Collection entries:
+ + + + +
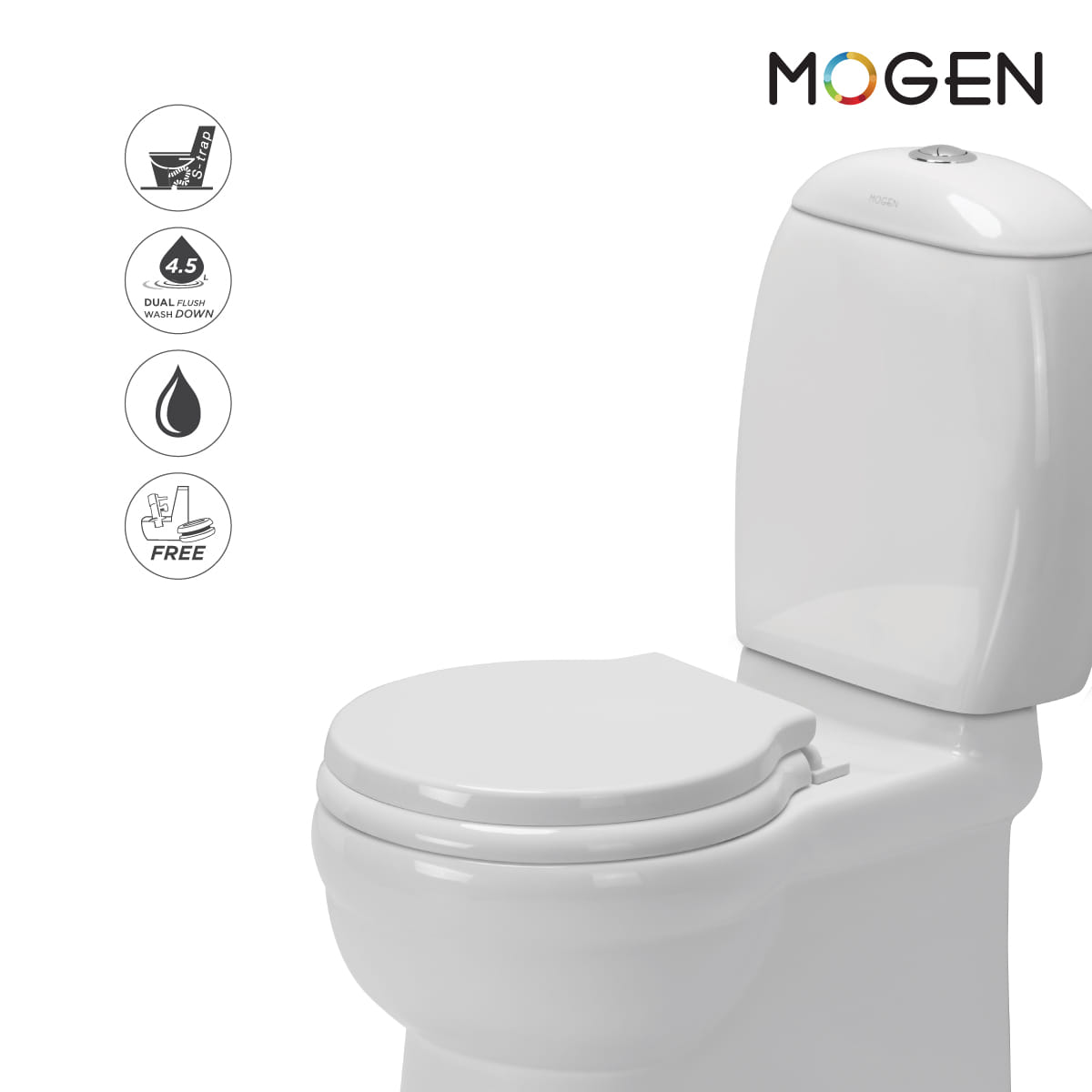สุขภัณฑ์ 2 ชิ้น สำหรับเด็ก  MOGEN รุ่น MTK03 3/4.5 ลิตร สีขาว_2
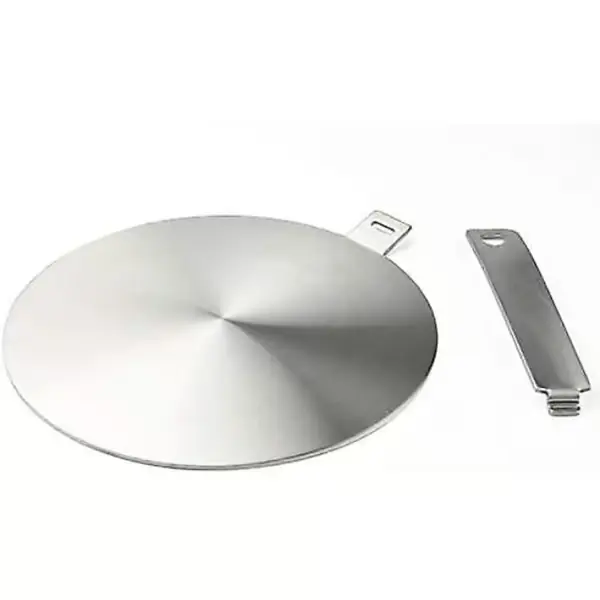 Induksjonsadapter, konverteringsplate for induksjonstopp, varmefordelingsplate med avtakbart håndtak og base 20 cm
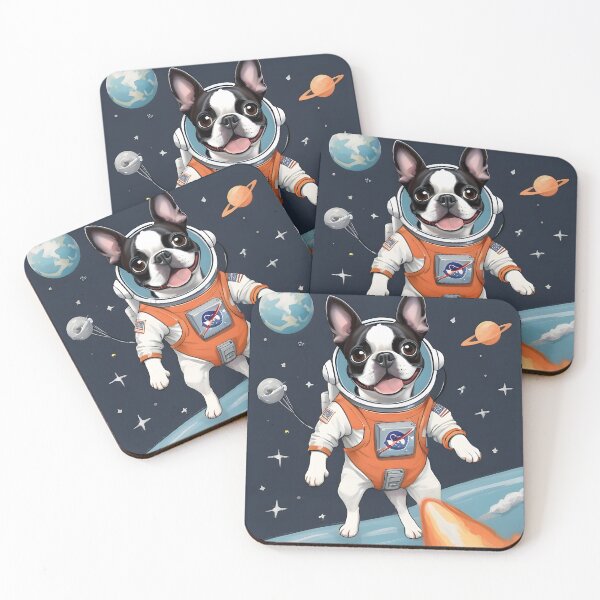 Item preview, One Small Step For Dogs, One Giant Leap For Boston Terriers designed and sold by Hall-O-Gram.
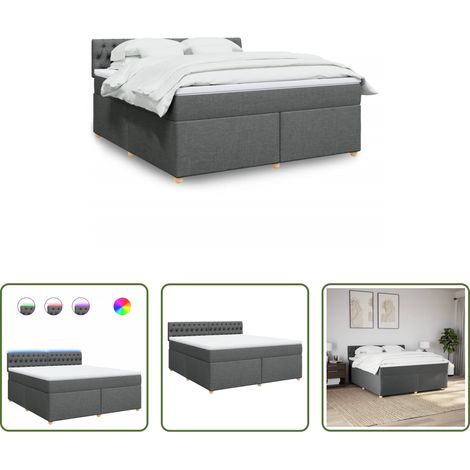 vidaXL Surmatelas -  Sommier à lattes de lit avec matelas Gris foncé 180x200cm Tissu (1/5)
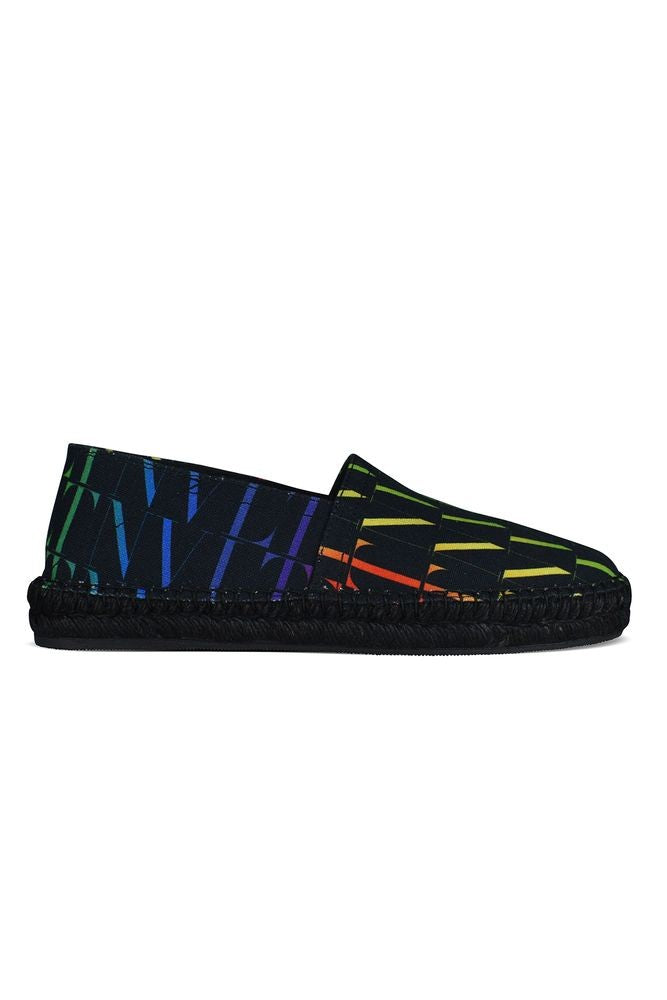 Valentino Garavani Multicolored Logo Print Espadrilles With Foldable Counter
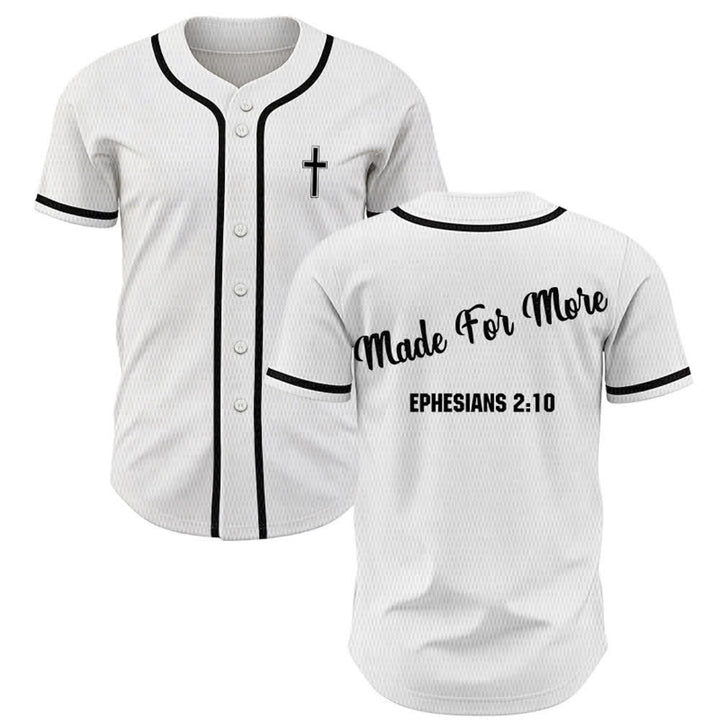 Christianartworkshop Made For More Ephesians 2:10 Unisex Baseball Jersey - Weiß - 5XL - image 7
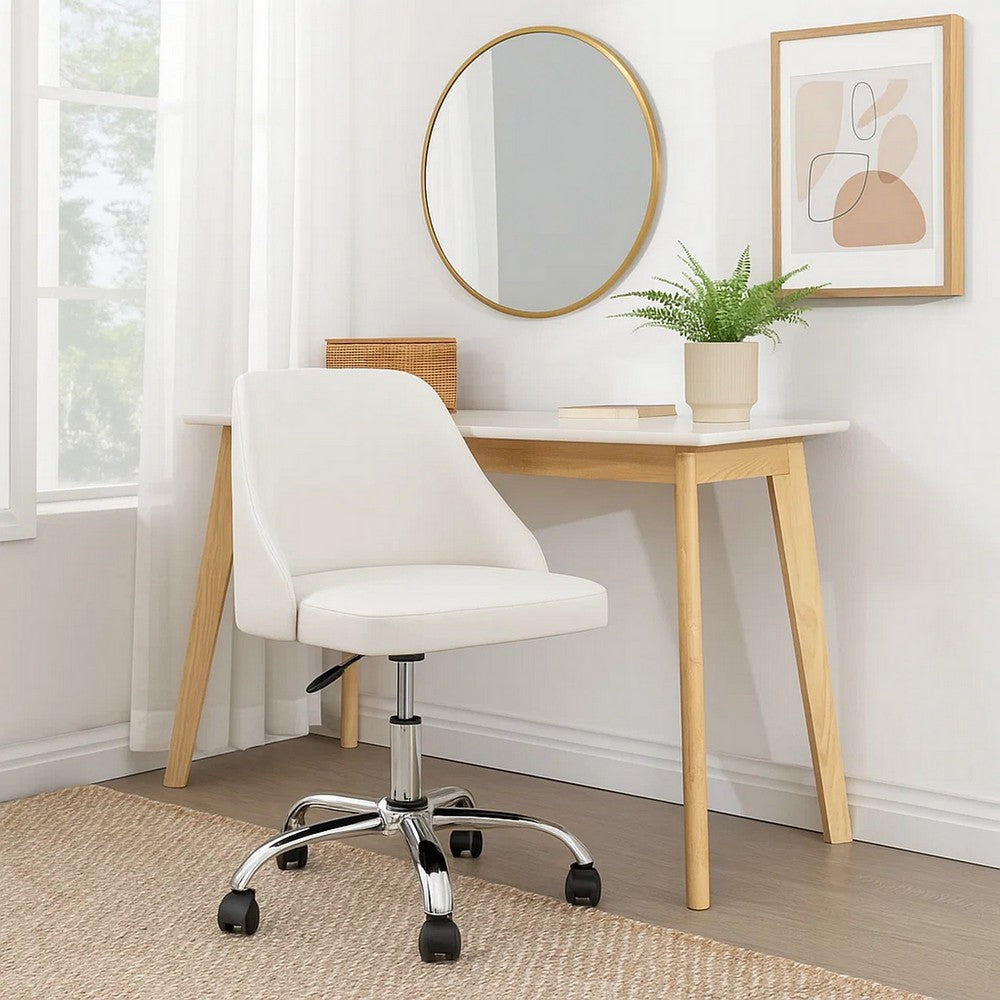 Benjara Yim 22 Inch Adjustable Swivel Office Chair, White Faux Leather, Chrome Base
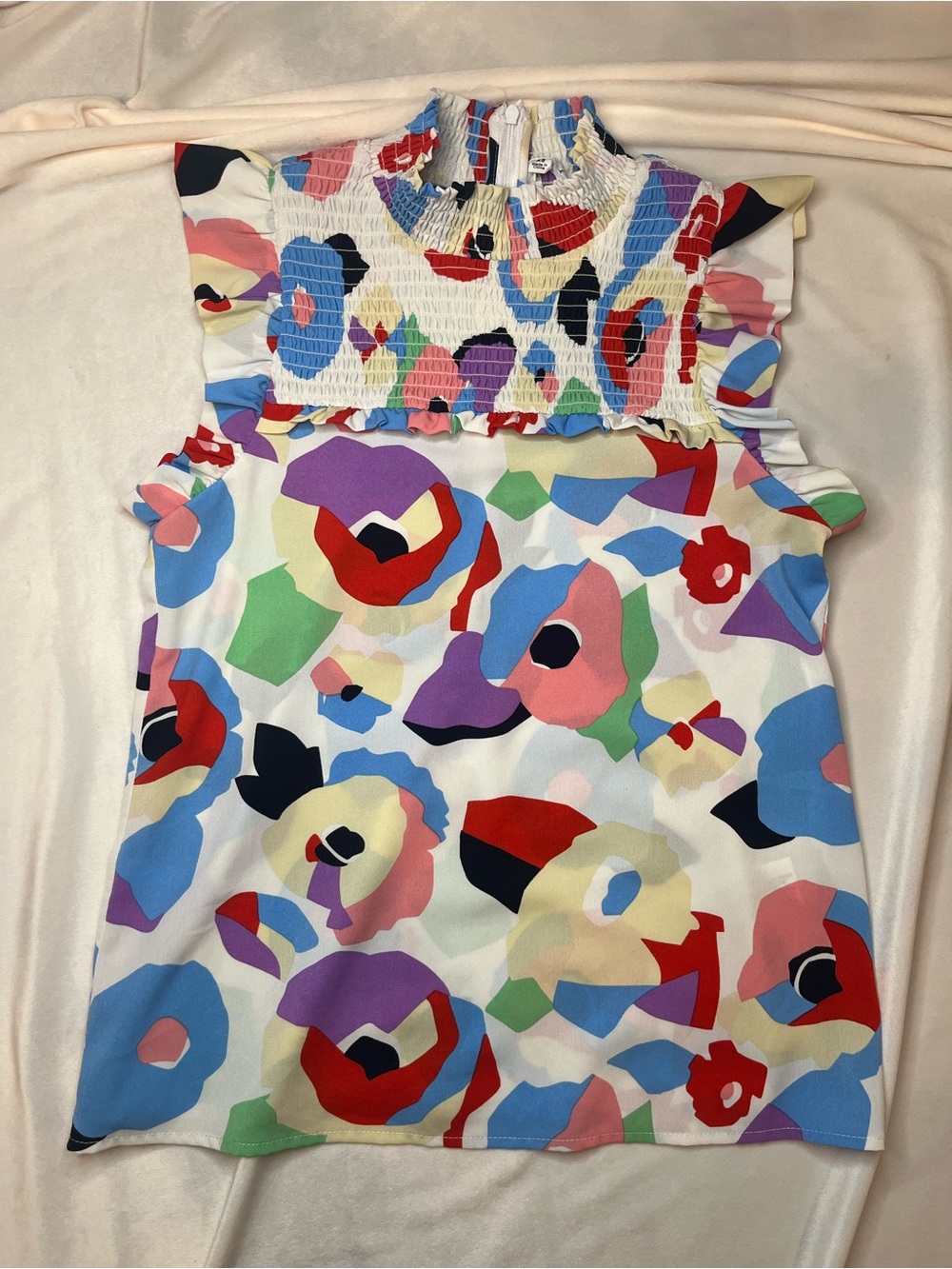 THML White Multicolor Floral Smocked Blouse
+ + + + +
• _EXERCISE GOAL_: Extract the run of lines beginning with the line that holds "Benjara Yim 22" and ending at the last line of the data, inclusive. Exclude any pictures from the copy.

• _YOUR RESPONSE_:
 Benjara Yim 22 Inch Adjustable Swivel Office Chair, White Faux Leather, Chrome Base
 THML White Multicolor Floral Smocked Blouse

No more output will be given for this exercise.